Electronic fuel injection brings the motor to life as expelled hydrocarbons exit via a Siamese, chrome 2-into-1-into-2 exhaust culminating in tapered mufflers hugging each side of the beefy swingarm. For a stock bike the exhaust sounds decent and throaty.
Chassis, Suspension, Brakes
Felt vibration is kept to a minimum through the rubbermounted attachment of the motor to the frame. A four-point motor mount system (including the transmission) reduces rider fatigue during the long haul. The two-piece frame is suspended with twin, air-adjustable shocks in the back and a conventional, non-adjustable fork with triple-circuit damping. Suspension feel is plush yet a bit soft for spirited riding; the front end is particularly undersprung, diving under heavy braking and damping is average. This isn't necessarily a knock on the handling as the bike is a luxury tourer, not a sport-designed machine. The RG Ultra weighs in at a claimed 888 pounds yet rides like a much lighter bike.
Out back, the rear shocks do an adequate job of soaking up the bumps while still giving the road-feel back to the rider. Adjustable from 0 to 50 psi via a hand air pump the shocks can be adjusted for load and riding style, I always pump mine up to the max, as I feel there's usually too much weight towards the rear, especially when packed with gear and riding two-up.
Braking is amazing thanks to the triple disc setup and four-piston Brembo calipers. Feel through the brake lever is smooth and linear allowing good modulation of the front brakes. When the situation dictates and maximum stopping is needed the ABS system kicks in and hauls the bike down fast. This feature is especially nice when riding in the rain. Having ABS gives riders a chance to focus on getting out of a hairy situation and not have to worry about sliding either tire from a lockup. When the passive ABS activates there is a gentle pulsation transmitted through the brake lever(s). In addition, there is no linked braking so, for example, if the rear brake is stomped and the ABS comes on the front brakes are unaffected.
On the Road
Harley gave the people what they wanted in this ride and delivered the goods for the touring enthusiast. Riding the RG Ultra is a luxurious endeavor and begs you to want to get out on the open road. I'll reiterate plush and comfortable and throw in utilitarian at the same time. Whether your idea of a great ride is a Sunday putt around suburbia, the grid of the city, or taking a vacation this motorcycle can do it all. With six gallons of onboard fuel it's easy to cover more than 200 miles between stops.

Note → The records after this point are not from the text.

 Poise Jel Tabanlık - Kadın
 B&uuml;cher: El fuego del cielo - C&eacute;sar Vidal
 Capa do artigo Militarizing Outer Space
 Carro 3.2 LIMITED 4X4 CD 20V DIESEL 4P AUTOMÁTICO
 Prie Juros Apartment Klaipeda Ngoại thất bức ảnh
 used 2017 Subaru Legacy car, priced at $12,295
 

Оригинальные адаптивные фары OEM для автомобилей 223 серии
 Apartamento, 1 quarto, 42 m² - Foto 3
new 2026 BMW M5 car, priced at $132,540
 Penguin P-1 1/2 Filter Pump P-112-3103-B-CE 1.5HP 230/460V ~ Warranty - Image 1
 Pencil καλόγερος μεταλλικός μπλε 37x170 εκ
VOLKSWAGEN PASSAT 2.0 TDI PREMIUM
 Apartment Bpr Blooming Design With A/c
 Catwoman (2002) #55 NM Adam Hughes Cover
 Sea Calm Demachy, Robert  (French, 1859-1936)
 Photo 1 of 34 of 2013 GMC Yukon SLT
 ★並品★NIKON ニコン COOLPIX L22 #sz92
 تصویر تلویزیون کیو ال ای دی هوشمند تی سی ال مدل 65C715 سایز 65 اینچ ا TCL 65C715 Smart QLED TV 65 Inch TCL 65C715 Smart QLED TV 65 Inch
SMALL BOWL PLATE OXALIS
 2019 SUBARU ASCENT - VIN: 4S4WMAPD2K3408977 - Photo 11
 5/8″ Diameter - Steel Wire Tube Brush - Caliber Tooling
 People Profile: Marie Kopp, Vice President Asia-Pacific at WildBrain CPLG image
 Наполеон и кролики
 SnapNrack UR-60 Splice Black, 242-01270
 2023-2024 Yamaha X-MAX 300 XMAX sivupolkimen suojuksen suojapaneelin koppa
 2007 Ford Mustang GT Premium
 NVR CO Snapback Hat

I've been saying it since the intro of the '09 Touring bikes, but these modern FL machines are a night and day difference compared to the previous H-D offerings. Increased stability and confidence along with extra carrying capacity make for a more enjoyable and safe ride. You get a lot of bike for the money with top-notch fit and finish, brakes, audio, storage, and the engine.
While the 96ci Twin Cam is a worthy motor with lots of low-end torque, the 103 engine feels perfect cradled within the RG. Don't be misled by power ratings you may see on the internet-it's all about torque and more importantly where the power is in the rpm band. Torque is what snaps you back in the seat when you crack the throttle and it's easily obtained right off idle with the PowerPak option. I rarely, if ever, found myself downshifting for a pass even in the tall Sixth gear. Other than the signature first gear clunk the transmission is smooth and quiet with neutral always easy to locate whether going from First or Second gear.
Ground clearance and lean angle is more than adequate for most riders. I rode this bike hard and even when railing on the floorboards the bike maintained stability and predictability. The Dunlop Multi-Tread tires gripped the road well whether the conditions were cold and/or rainy.